Subject: Re: Short Circuit Detector
Date: Sat, 12 Oct 2002 21:55:09 -0400
Organization: CenturyTel Internet Services
NNTP-Posting-Date: Sun, 13 Oct 2002 01:59:16 +0000 (UTC)
X-Newsreader: Microsoft Outlook Express 6.00.2600.0000
If Tom decides to publish I hope you'll let the group know?
I'd keep an eye out for it. Sounds useful :)
While I'm at it has anyone ever heard of a regular
DMM measuring ohms being a dangerous thing to
use find shorts on an un-powered board? (damaging
"Tom Bruhns" wrote in message
> I have one I've used for years (and happen to be in the process of
> re-vamping to use more readily available components). It's very
> simple. In the configuration I _normally_ use, it injects a current
> from a 1.5v cell through a 1k resistor and a diode, so the
> short-circuit current is about 1mA. The voltage across the "short"
> converts to a current to drive an oscillator, so the higher the pitch
> the shorter the short. With it I can hear the difference between 1
> ohm and a dead short, about 1mV delta. BUT...if you inject a current
> from an external source, you can use it to find where in the circuit
> the drop is the lowest: the point of the short. So with an amp
> excitation, you can hear milliohm changes. The circuit is currently
> an A77 watch cell (or similar 1.5V), 2 pnp transistors, 2 npn's, a
> tiny audio transformer (Mouser TC001), and as tiny an 8-ohm speaker as
> you can find, and a very few R's and a couple C's. When not
> connected, the current drain is less than a microamp, so no on-off
> switch. The one I've had a long time draws a lot more "off" current,
> and even so the AAA cell lasts over five years.

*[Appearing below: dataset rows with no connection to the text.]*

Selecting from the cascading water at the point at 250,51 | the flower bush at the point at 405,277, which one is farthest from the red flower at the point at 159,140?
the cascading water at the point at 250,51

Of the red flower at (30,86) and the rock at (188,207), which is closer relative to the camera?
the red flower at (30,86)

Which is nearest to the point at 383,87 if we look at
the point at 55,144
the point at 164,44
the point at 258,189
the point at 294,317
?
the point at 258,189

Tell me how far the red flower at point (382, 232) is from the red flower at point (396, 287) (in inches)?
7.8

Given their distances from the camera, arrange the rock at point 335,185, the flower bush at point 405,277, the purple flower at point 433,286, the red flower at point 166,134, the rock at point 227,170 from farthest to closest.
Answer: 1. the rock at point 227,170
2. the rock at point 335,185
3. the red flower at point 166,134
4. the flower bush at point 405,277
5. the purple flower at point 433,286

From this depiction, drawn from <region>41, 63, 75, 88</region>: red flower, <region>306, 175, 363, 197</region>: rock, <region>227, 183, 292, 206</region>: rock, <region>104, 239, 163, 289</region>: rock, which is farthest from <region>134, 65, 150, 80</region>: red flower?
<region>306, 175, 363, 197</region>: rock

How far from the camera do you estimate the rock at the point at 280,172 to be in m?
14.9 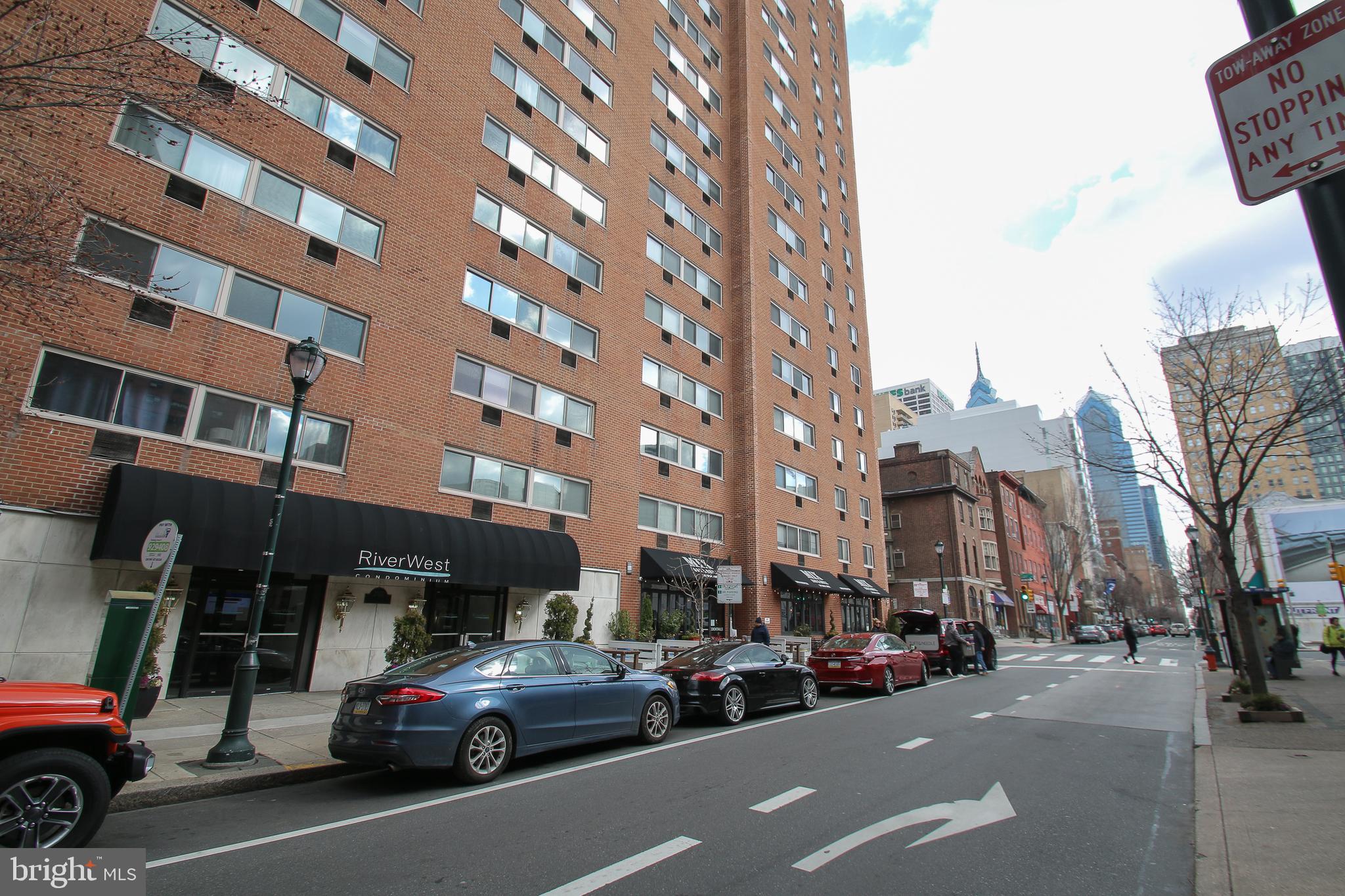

> I'm planning to make the circuit available through the Wenzel web site
> (where there are a few other neat little test circuits) eventually,
> but could perhaps give it limited distribution before that.
> "red rover" wrote in message
> > Does anyone have link to a design for
> > short circuit detector? I recall that Bob
> > Pease had a design for one in his Analog
> > Troubleshooting book. I believe it was
> > basically a micro ohmeter with an audio
> > output and you worked your way around
> > the pcb homing in on the fault.
> > Anybody here made one? Any good success?